Pierce obtains copies of photographs of Strange's sexual encounter with Frederika and threatens to expose him to his superiors, ending his career, unless Strange plants some heroin on one of the gang. Strange reluctantly agrees, despite planning to leave the force anyway, as he is disillusioned by the failure to catch and convict the drug gang. Strange's planting of evidence is revealed and he is convicted of perverting the course of justice and driven away to be jailed.

==Cast==
- Michael York as Peter Strange
- Jeremy Kemp as Pierce
- Susan George as Frederika 'Fred' March
- Jack Watson as Quince
- George A. Cooper as Kingsley
- Barry Fantoni as Charley Small
- Jeremy Wilkin as PC Wills
- Rita Webb as Charley's mum
- Madge Ryan as Aunt Mary
- George Benson as Uncle Bertrand
- Nigel Davenport as Defence Attorney
- Artro Morris as Inspector Evans
- Patrick Connor as Sergeant Mac

==Production==
It was shot at Twickenham Studios and on location around London. The film's sets were designed by the art director Brian Eatwell.

==Home Media==

Vinegar Syndrome, in association with Paramount Pictures, released A STRANGE AFFAIR for its first-ever homevideo release via Blu-ray in late October 2025. The packaging states "Vinegar Syndrome Labs is proud to offer the disc debut of this police thriller, newly restored in 4k from its original Techniscope negative."

==Critical reception==
The Monthly Film Bulletin wrote: "Greene gets strong performances from his cast (particularly from Jeremy Kemp as the psychotic Pierce); and if he is ill served by a script which too often falls back on coincidence to tie up its loose ends, it is all the more to his credit that, for the duration of the film at least, this weakness is barely noticeable."

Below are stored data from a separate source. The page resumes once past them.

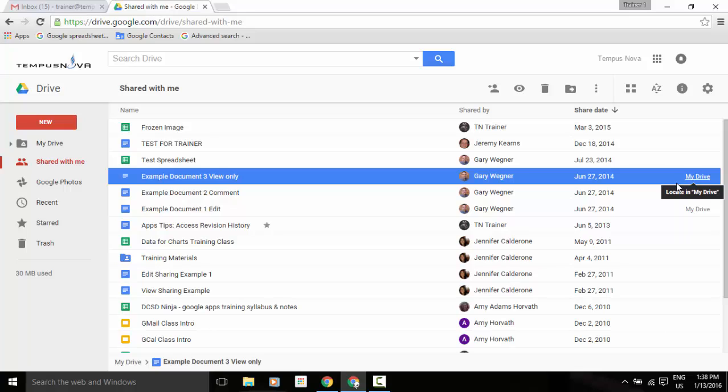Once again, that's when you're looking at search results or items in your shared with me, recent, or your starred views in Drive, you'll see those couple of different icons. Thanks everyone. Have a great day.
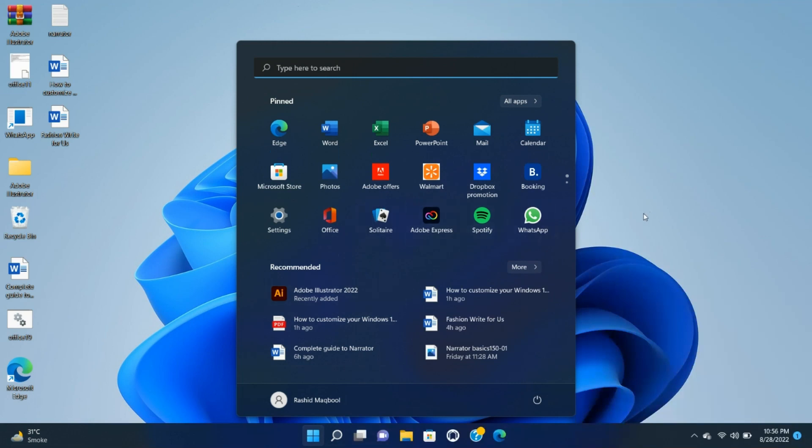Another thing, the taskbar is now permanently affixed to the bottom of the screen, so if you were more comfortable having it on top of the screen or on either side, you're out of luck.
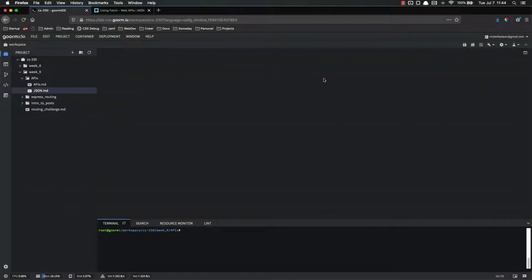Hello everyone, and welcome back. In this video, we're going to start making some API calls using Node.js. There are a variety of different ways to make API calls within JavaScript. The reason for this is because all you have to do to make an API call is just to send an HTTP request.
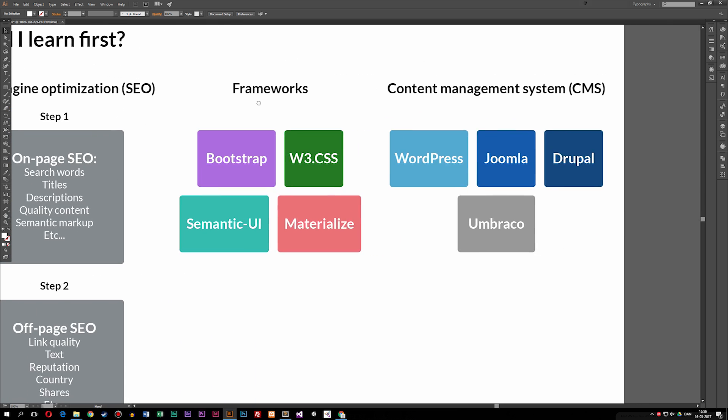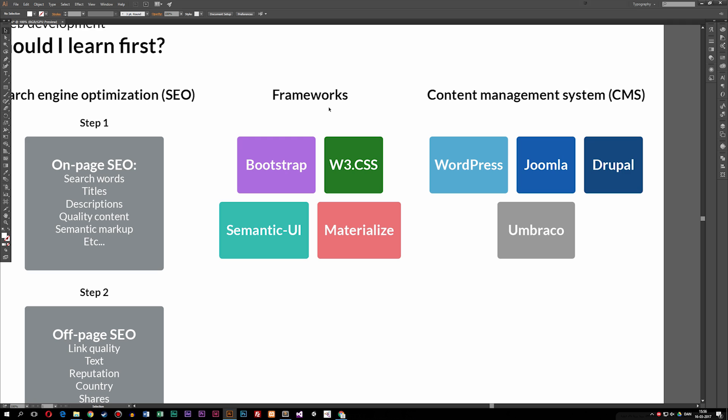Another field to look into is frameworks. To make website creation easier and ensure other developers understand how a site was built, we use frameworks — and there are many for different languages. For HTML and CSS, we have Bootstrap and w3.css, which make your website responsive, meaning it adjusts to cell phone screens and looks nicer. Once you've learned a programming language, I recommend looking into frameworks for it — you can find frameworks for HTML, CSS, JavaScript, and other languages.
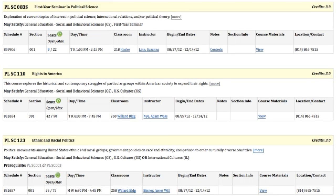Any course prerequisites will be listed next. You can see that Political Science 110 has no prerequisites. However, if we look at Political Science 123, it does have a number of prerequisites.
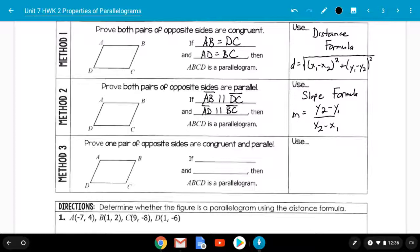The last method is proving only one pair of opposite sides are both congruent and parallel. You only pick one pair — let's say AB and DC. If we prove the distance from A to B equals the distance from D to C, and we prove those same two lines are parallel, then it's a parallelogram. In this case we use both the distance and slope formulas, but only for one pair of opposite sides.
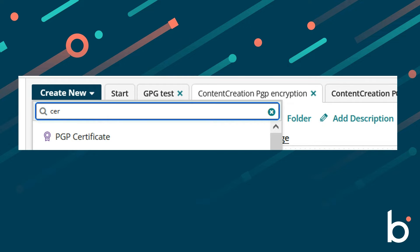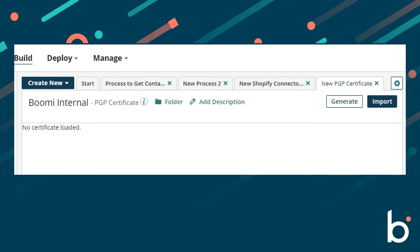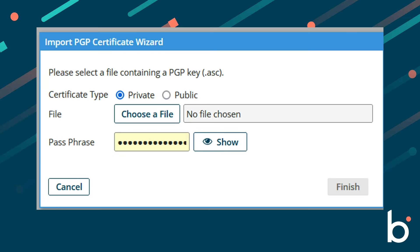Next, in the Boomi platform user interface, select the build tab and create new and choose PGP certificate. Give the certificate a name and select import.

Allmovie wrote: "a fragmentary "'60s" interpretation of a straightforward Bernard Toms novel ... Like many British films of its period, it seems more concerned with inducing pop-art headaches than simply telling its story.

Time Out wrote: "a well-written anecdote about police manners and methods, straight out of some TV cop series, but as viewed by Greene's wilfully wayward camera, it becomes a bizarre, quirkishly funny thriller which laces its documentary surface with a fine grain of fantasy. Much of Greene's later work disappointed, but here he displays a visual flair (gang violence in an echoing warehouse, murder among the wrecked cars in a scrapheap, seduction in a fantastically opulent boudoir) that would not entirely have shamed Welles in his Lady from Shanghai [1947] mood.

The New York Times wrote: "If the muscular and sexy goings-on are excessive and irrational on occasion, some of the principals lend credible, physical support to their characterizations. Michael York ... is properly personable and confused as the harried Strange. Susan George, a comparative newcomer who is pert, snub-nosed and pretty, makes eroticism a pleasure, even if her sudden switch from promiscuity to Strange's everloving girl, remains a mystery. Jeremy Kemp is convincingly neurotic as the indomitable sergeant ... They all prove that The Strange Affair is where the sensational action is, even if it is entirely strange and unbelievable.